The show is really that of the two principals Aparna
Sindhoor and the remarkably agile dancer and choreographer Anil Natyaveda. The play was written by S M Raju and Aparna Sindhoor and based on a short story by Mahasweta Devi.
A lot of the action happens on and around a tall pole on
stage left that was described by Aparna Sindhoor as the centre of all activities
(including spiritual ones) of the village featured in Encounter.
At one point Anil Natyaveda starts on the top of that
pole. Only someone of my age (75) will remember those Ripley’s Believe It or
Not rectangles in newspaper comics of the past century. There were quite a few
(besides those of sleeping on beds of nails) that featured Yogis who if we were
to believe it had never come down from that pole!

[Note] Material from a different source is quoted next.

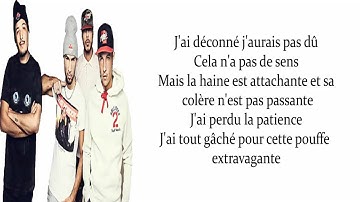 Thumbnail of $ Crew J'aurais pas dû PAROLES LYRiCS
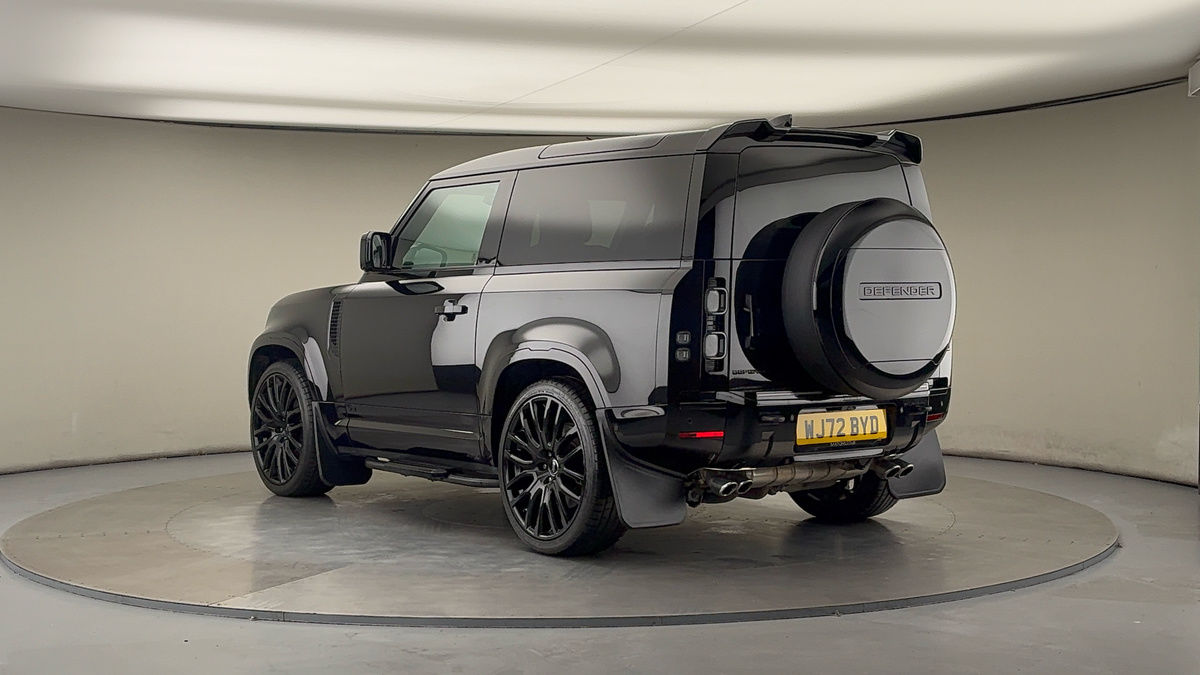 Used Land Rover Defender 90 2022 for sale - 76280831: Photo 2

And so a play that was full of exotic wonder, action and
violence which included an extraordinarily choreographed rape scene by four black hooded men
with Aparna Sindhoor being the victim, was enough to dampen the evening with
thought and a purpose to action. Not all plays have to have a happy ending. This
one has a wallop of an ending. Some of us were too shocked to clap.
Encounter is on at 8PM until and including Sunday.